After giving up trying to react fast enough to catch the fault in progress I was asked to do a comprehensive audit on their cluster to find the problem. As part of the audit, I wanted to capture and analyze SQL traces and O/S performance counters. Since the problem was very intermittent, I decided to collect data 24 hours a day and hope that I got lucky. The client was very nervous about collecting SQL trace data for long periods of time. I decided to set up SQL trace collections each night between 8pm and 11pm. For OS counters, I started collecting perfmon stats for all objects with a 5 minute interval with the intent of letting it run 7X24 until I captured at least one major delay.

As luck would have it, a long delay occurred the second night of SQL tracing. Great! Now at least I have something to analyze. Lets see now, perf counters for 8 servers, all objects, 24 hours of data. Wow, what was I thinking? I collected the data in .csv files and Excel is complaining it can't load all the data. Here I turned to a tool from Microsoft call PAL. It analyzes perfmon data, applies tribal knowledge to thresholds, and produces a report with commentary and graphs. The reports include derived values (usually ratios) that are further scrutinized along with links to articles giving background information related to the commentary. PAL warrants a separate post which I will do later, but for now it is a great new addition to my tool kit and you can read more about it here and  here. The reports are in HTML or XML format. You can view a sample here (which I converted to PDF format for this post.)

The OS counters indicated that at the time of the delay there was a great deal of I/O on, and relatively poor service times form, the database data disks. The other servers showed no significant spike in utilization. I was also able to glean from the PAL report that it was a low number of SPIDs within the database causing the spike in I/O.

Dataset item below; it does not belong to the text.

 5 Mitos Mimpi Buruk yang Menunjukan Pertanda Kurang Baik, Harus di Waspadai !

Armed with this information, I decided to ignore the other 7 servers and focus on the database server. I turn to the SQL trace data I collected and found 1.5 GB of data. I've previously blogged about a cool SQL trace analyzer from DBSophic, but I'd only analyzed small traces ( less than 100MB) of data, and it took hours to do that. Coincidently, a week prior this I had received an offer from the CTO of DBSophic to evaluate the  next generation SQL trace analyzer; Qure Workload Analyzer (QWA). The tease was "Calling QWA a successor to Trace Analyzer is like calling an F-35 stealth fighter a successor to Wright’s first airplane, well - both can fly…". Given that the old tool would have taken days to process 1.5GB of trace data, I'm kind of hoping that this tools has performance a lot closer to an F35 than the Wright Flyer.

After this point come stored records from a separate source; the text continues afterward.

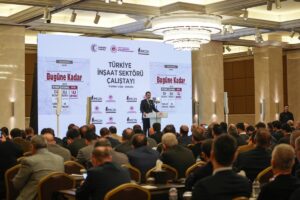 ANKARA (AA) – Çevre, Şehircilik ve İklim Değişikliği Bakanı Murat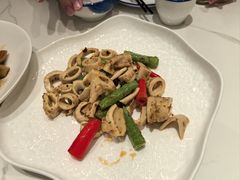 孜然心管-梅飞酒家(名辉豪庭店)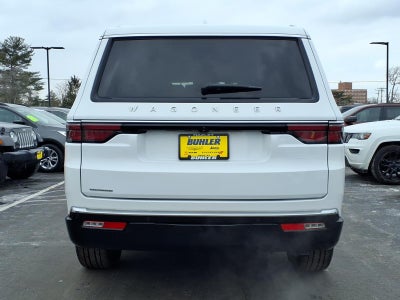 2023 Jeep Wagoneer Series I 4x4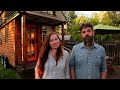 Family of 5 n Tiny House on Historic Homestead - embracing Slow Living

Normally, I'd provide a link here, but I was given a trial version. I'll edit this post when it becomes generally available or you can check DBSophic's web site yourself to inquire about or download QWA. I launch QWA and read in a few trace files. Its fast, a lot faster than I remember. I didn't do any comprehensive performance tests of the last version, but I do remember the run times were not linear with volume. In plain english, if you doubled the amount of data, it took a lot longer than twice the time to process. I ran a few quick tests on both versions using small amounts of data (50MB or so) and found the new tool was 4 to 5 times faster. I was able to process 1.5GB of trace data (thats 3 hours of SQL trace data spread over 319 trace files) in just under 25 minutes. A very nice improvement! I could not have used the old tool to process this much data, so my first observation is that the tool IS, metaphorically speaking,  a lot closer to an F35 in performance. Without it, this project may have crashed before getting off the runway!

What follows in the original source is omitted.